Saw an eagle sitting on the dam Wed. morning. I watched it for about 15 min. and got some pics and video (not good quality though). 

I saw a post about an Atwood eagle. This bird flew of in that direction. It may be the same bird or partner of a bird from Atwood. Pretty cool though.


----------



## I_WALL_I (Apr 27, 2006)

They are really making a comeback!! We see a pair on Wills Creek several times a week... Salt Fork has several pairs- some of the eye fisherman by the dam have seen them scoop up white bass that were gillhooked...( we had an eagle drop 2 shad at our boat last month, I think he was looking to trade for crappie) They seem to use Wills Creek a lot for hunting, with the river and fields surrounding it.

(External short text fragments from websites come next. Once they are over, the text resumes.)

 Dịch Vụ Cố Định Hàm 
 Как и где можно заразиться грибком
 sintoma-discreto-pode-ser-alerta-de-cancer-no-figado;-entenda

We used to see them in the rockies in the 70's, because the DDT pretty much wiped them out here in Ohio. GREAT TO BE SEEING THEM AGAIN!!! (turn in a poacher)


----------



## dmgonfishin55 (Jan 8, 2009)

I snapped a few picture of one at leesville the other day, kind of blurry, but you can see it. Also have a couple pictures of an osprey at Buckeye lake from this spring. I'll attach a few pics.


----------



## norseangler (Jan 8, 2009)

Eagles and osprey have become regular residents at Dillon, Salt Fork, Wills Creek, Knox, Alum Creek, Delaware, Buckeye and many other lakes. Eagles are even regular winter visitors to downtown Zanesville.


----------



## SgtBone (Apr 22, 2010)

I see both immature and adult bald eagles quite often on the Licking River east of Newark. I have also seen one on the North Licking around St Louisville. Last year I saw a bald eagle chasing an osprey. That was awesome.


----------



## Tatonka (Aug 23, 2007)

I see the Eagles more at Atwood than I do at Leesville and I fish Leesville more.
I know my kids get excited when they see them grab fish and fly away


----------



## saugeyesam (Apr 20, 2004)

I seen one over at Atwood the week before last. It was just sitting on a limb then as I drifted past it flew off, circled and grabbed something out of the water. A white bass perhaps, I really couldn't tell other than it was definitely a fish of some sort. Pretty cool to watch, and something I thought I'd never see in my lifetime.


----------